She rubbed her cheek against his shoulder.

“You know me quite well, don’t you?” she said.

“I know you’re talking different than you did when you made me promise not to shoot him.”

“I didn’t know it would get down to you or him.”

“Things do,” Wyatt said.

“And you knew they would.”

“Yes.”

“And you promised me anyway.”

“I love you,” Wyatt said.

“God, I’m such a little girl.”

“You appear to me to be growing up fast,” Wyatt said.

“What if I talked to Johnny?” Josie said.

“I don’t like that, but even if I did, it don’t really matter anymore. Thing like this has got a life all its own. The balls been opened. It’ll run until it’s done running.”

“And we just wait for it to happen?”

“We can do a little better than that,” Wyatt said. “We can be ready for it.”

It was a Wednesday night, three days after Christmas. Wyatt and Virgil were at the bar in the Oriental. Virgil had a glass of beer. Wyatt was drinking coffee.

“Allie was wondering when Mattie was going to move into the hotel with the rest of us,” Virgil said.

“Allie’ll have to ask her direct,” Wyatt said. “Mattie ain’t got much to say to me.”

“You ask her to come with you?” Virgil said.

“I told her she could.”

“And she said no?”

“She didn’t say anything,” Wyatt said. “Mostly she just cries.”

“Nobody’ll bother her anyway,” Virgil said.

“I know,” Wyatt said.

“How about Josie?”

“Allie asking about her too?” Wyatt said.

“Nope, me.”

“Hell, Virgil, this whole thing is about Behan wanting her back,” Wyatt said. “He’s not going to kill her?”

“Be a way to get at you,” Virgil said.

“No, Johnny ain’t much. But he won’t hurt her.”

“I agree he ain’t much,” Virgil said. “But since the fight and the trial he got a lot of people on his side now. And some of them are much.”

“Curley Bill?”

“Yep, and John Ringo. Billy Breakenridge is a pretty good man. And Dave Neagle.”

“And none of them would hurt Josie,” Wyatt said.

“How ’bout Ike?” Virgil said. “Frank Stilwell? Pete Spence?”

Wyatt nodded.

“Okay. Maybe they would,” he said.

“So whyn’t you send her to San Francisco, let her father look after her, until we clean this up?”

Wyatt drank some of his coffee, holding it in both hands, looking over the rim through the ribbon of steam that rose from the cup. He put the cup down and grinned at Virgil.

“ ’Cause she won’t go,” Wyatt said.

Virgil grinned back at him.

“I understand that,” he said.

Virgil finished his beer.

“Well,” he said, “time to go home.”

“The Cosmopolitan Hotel is not home,” Wyatt said.

“No, but the perimeter’s a hell of a lot easier to secure.”

“Home sweet home,” Wyatt said.

Virgil said good night and turned and walked out of the front door of the Oriental.

Wyatt gestured at the bartender for more coffee, and watched as it was poured. From the street came the sound of gunshots. Wyatt thought there were four. Shotguns, he was pretty sure. Two guns, both barrels? He turned toward the door as Virgil pushed into the saloon. The left side of him was bloody.

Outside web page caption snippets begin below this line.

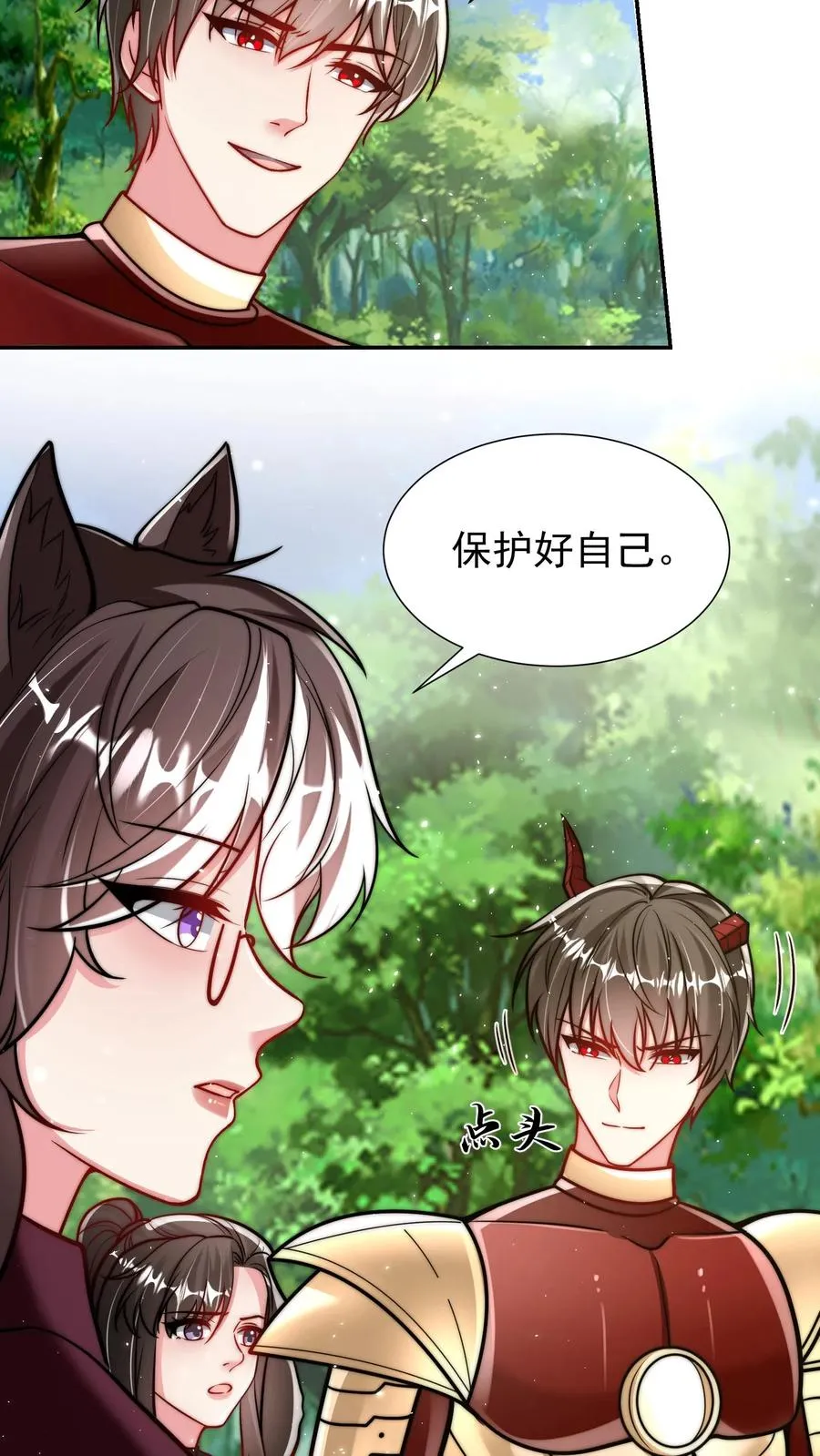 第207话 三英战圣主！ 第18页
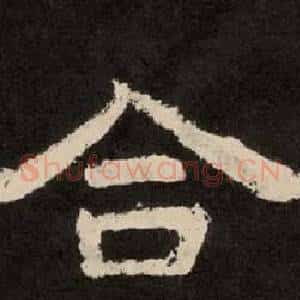 合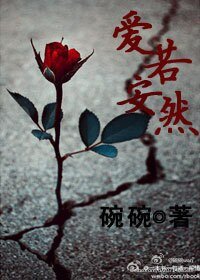 《爱若安然》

“I’m hurt, Wyatt,” Virgil said.

He seemed calm enough, but Wyatt knew that the first shock of injury often left you calm. It hadn’t yet started to hurt like it was going to.

“Where?” Wyatt said.

He stepped to his brother’s side and put his left arm under Virgil’s right arm and held him upright. Wyatt held a Colt.45 in his right hand, pointing at the floor with the hammer thumbed back.

“Empty building across the street,” Virgil said.

“I meant, where are you hurt?”

“Left side, left arm,” Virgil said.

“Can you walk to the hotel?”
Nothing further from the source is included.